The dcm2bids config file is a JSON file that specify what criteria to look for in the DICOM metadata for each sequence in your protocol and how to name the output files. Building this config file can be a bit tricky, but CIR offer this helper that extract the relevant DICOM metadata from your data and present it in an interactive table in your browser so you can select what criteria to include in your config file.

This is done with two repositories, publicly available on Github:

1. bids-utils-mr

Clone the repository to your project folder on SPICE (using git). It will manage all the processing on SPICE and setup a server for you to inspect your data, create a config file and run processing via the browser on your local computer. The repository contain:

  • index.html - A html file with an interface for running dcm2bids
  • server.py - A python script that set up an http server that function as a bridge between SPICE, were the process is happening, and your local computer.
  • config_builder.py - A python script that help you build the config file needed for dcm2bids.
  • bids_runner.py - A script running dcm2bids in parallel on SPICE.

2. serve-mr-bids

Clone this repository to your local machine. It contains a simple script that prompt for your user details for connecting to SPICE and project name.
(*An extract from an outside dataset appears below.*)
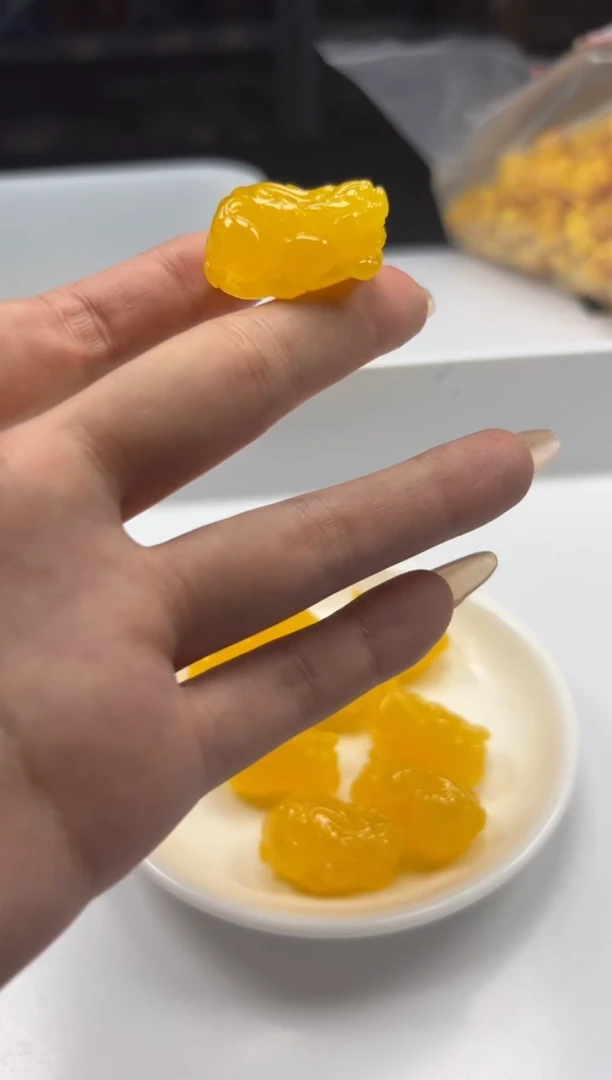 未镶嵌颈饰蜜蜡w2058鸡油黄蜜蜡貔貅*1个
  • ssh-connect.sh - A shell script for connecting to SPICE via SSH prompting you for username, project and password (if you don't have SSH keys setup). The script will also setup port forwarding for you to be able to access the server running on SPICE from your local computer. On connection it prints a unique URL to terminal that you can open in your local browser to access the interface for running dcm2bids on SPICE.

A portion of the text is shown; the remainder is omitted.